# another noob



## mastarter (May 27, 2014)

but we all were once right? here are my stats
I am 40 (almost 41) born in the frozen tundra of WI but blessed by God to be here in TX now. I just started teaching myself to fish at all last year. Never had any family that did it and no friends that were interested. Moved here and got an outdoor bug that I could not shake. Been mostly to fresh water bank fishing (no boat ....yet). Found a few good mentors on line and off that got me on a good path.

I have 3 kids (18/16/12) and a wife who I am learning for as well. So I went to Galveston island state park and fished lake Como. I got a couple hits but could not land them. 

Heard about wade fishing and nearly tried that day but now reading and finding out what I did not know I am glad I waited.


I am located in Kingwood and visit Freeport/Galveston as often as I can. I work a seven on seven off schedule.
To start I can use advice on gear. I have several types of poles and weights of lines. I really like using shrimp (live). I am mostly interested in what kind of clothes are important to keep me active and safe. I am a single income in my 5 person household so I can't get crazy with expense but I understand there is cost.

Is there anyone here who is willing to take a new guy out to show me how this all works. I am quick to learn and willing to listen.

So started to babble. Feel free to reach out here or PM me. Nice to meet you all and thank you in advance for all your help.


----------



## Spooley (Feb 24, 2013)

Welcome to 2cool mastarter. PM sent.


----------



## John_B_1 (Jan 28, 2011)

When you first get into wading throw on some old tennis shoes blue jeans or shorts and a t shirt and go at it. Shuffle your feet is the main piece of advise I can give.
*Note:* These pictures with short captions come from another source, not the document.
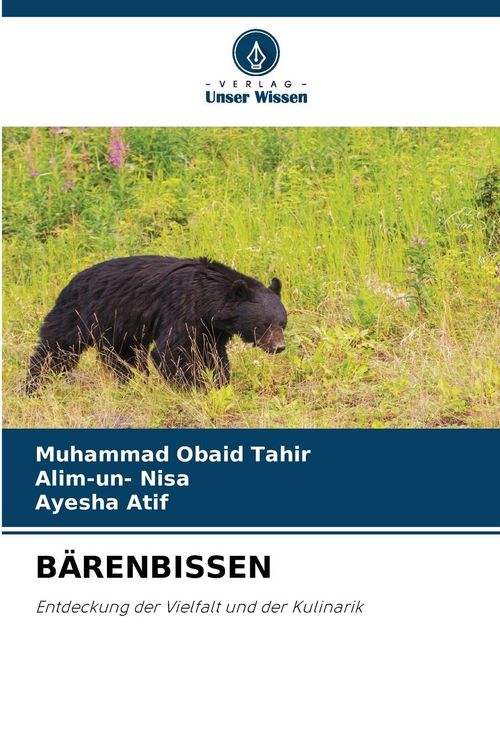 Produktbild: B&auml;renbissen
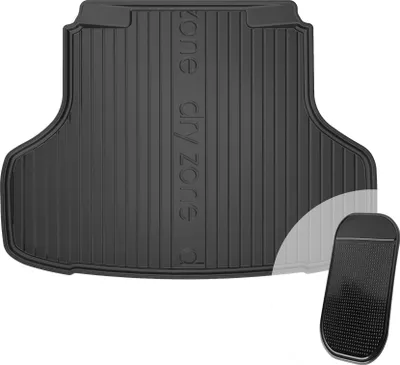 Image de moto-MOLTICO Bac de coffre en caoutchouc adapté à la Volvo S40 I Limousine 1995-2004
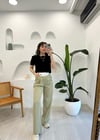 SİYAH 0020 KISA TİŞÖRT 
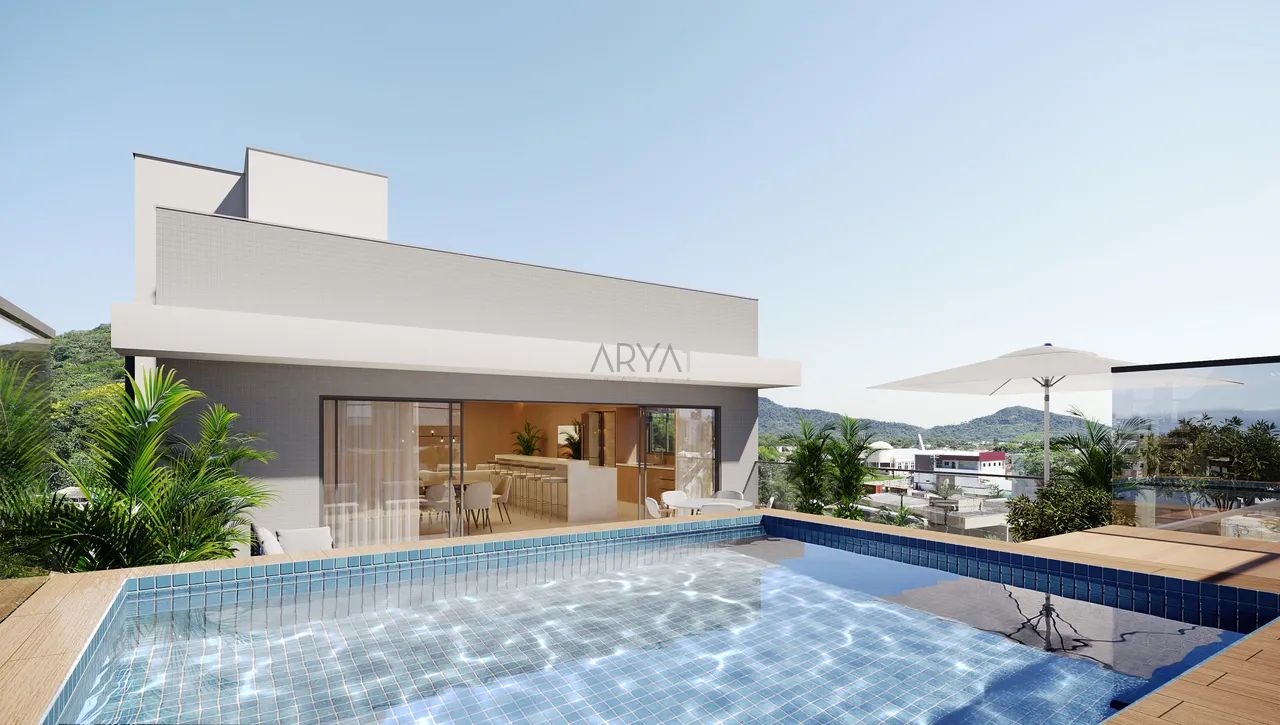 Cobertura em Caiobá Edifício Felice - ARYA 1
You don't need anything special to wade, all the high dollar stuff is nice to have but it doesn't help you catch fish. 
Make a list of things you need and just go down the list each time you have a little extra money and before you know it you will look and realize you actually have a lot of stuff to load/unload, clean, and put up.

Stringer

Landing net http://m.academy.com/shop/Product_1...e?color=Black&N=10001&Ntt=Landing+net&Ntk=All something like this would work.
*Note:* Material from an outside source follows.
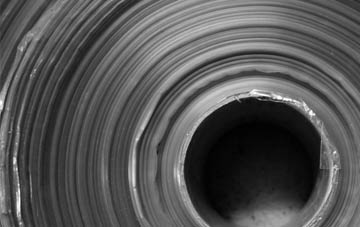 Round Street pvc roof replacement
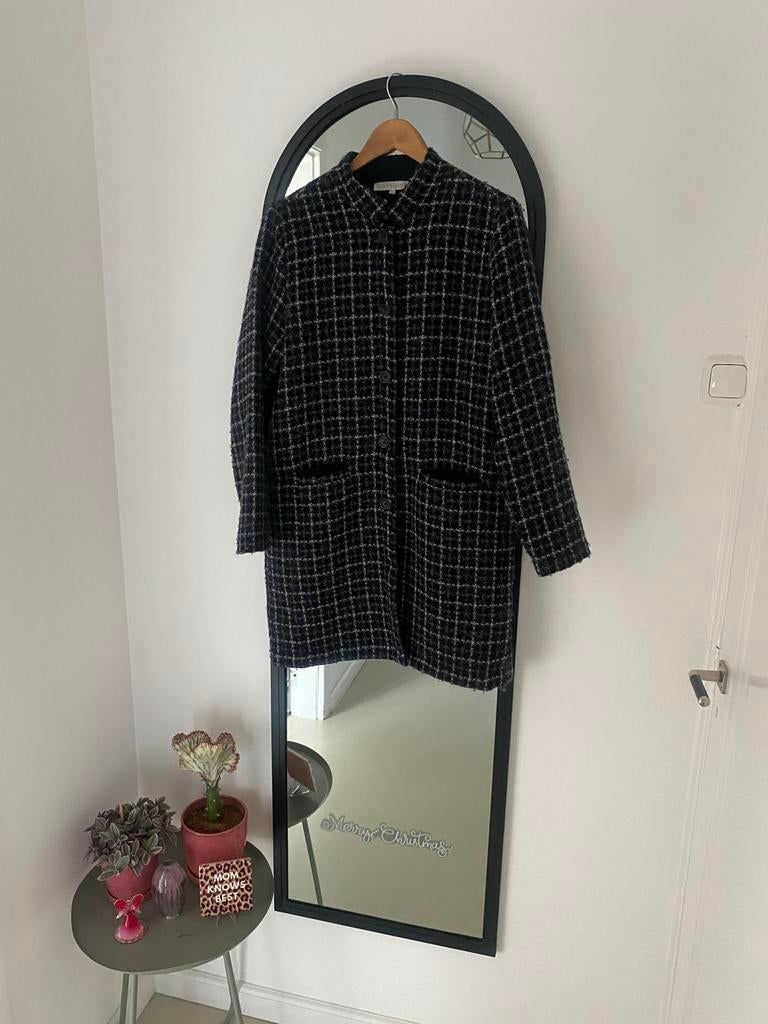 Susskind jas maat XL, geruit patroon, Ophalen of Verzenden, Gedragen, Maat 46/48 (XL) of groter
Wade belt http://m.academy.com/shop/Product_10151_10051_13999_-1__true?N=10001&Ntt=Wade+belt&Ntk=All this actually has a lot of stuff you need

Here is what I use for a bait bucket http://www.iboats.com/5-Gal-Floatin...le-_-Berkley&gclid=CLfS-YeXzL4CFUZp7AodW3YARw

Then you have you boots, pants, shirts ect ect

Chickenboy has some really good popping corks on his website for shrimp, tie on a 10-18" leader and sling em out there.

I use a 7'2" rod with 12 lb test.

If you have any more questions or need any advise you can pm me.


----------



## poco jim (Jun 28, 2010)

Welcome to the asylum!


----------



## OnedayScratch (May 23, 2012)

Welcome. You'll need a sense of humor. You'll want all the gear that's talked about.

The more gear you have, the more you have to take care of. Shuffle, line tight, sunblock. 

Lemme know if you need anything.


----------



## mastarter (May 27, 2014)

John_B_1 said:


> When you first get into wading throw on some old tennis shoes blue jeans or shorts and a t shirt and go at it. Shuffle your feet is the main piece of advise I can give. You don't need anything special to wade, all the high dollar stuff is nice to have but it doesn't help you catch fish.
> Make a list of things you need and just go down the list each time you have a little extra money and before you know it you will look and realize you actually have a lot of stuff to load/unload, clean, and put up.
> 
> Stringer
> ...


Thank you for the advice



poco jim said:


> Welcome to the asylum!


I must be home at last!!!!



OnedayScratch said:


> Welcome. You'll need a sense of humor. You'll want all the gear that's talked about.
> 
> The more gear you have, the more you have to take care of. Shuffle, line tight, sunblock.
> 
> Lemme know if you need anything.


Sense of humor hmmmm I know I had one of those around here somewhere..... I am a night shift healthcare worker where a sense of humor is also required.

Let me ask this then..... can you ....does anyone wade fresh water lakes???


----------



## John_B_1 (Jan 28, 2011)

When the white bass spawn we wade some creeks for them, also i see people wading in Somerville all the time


----------



## poco jim (Jun 28, 2010)

During the crappie spawn, heck yes! Minnows and get after it.


----------



## Crusader (Jan 31, 2014)

mastarter said:


> Let me ask this then..... can you ....does anyone wade fresh water lakes???


You could. E.g. below Lake Livingston Dam.


----------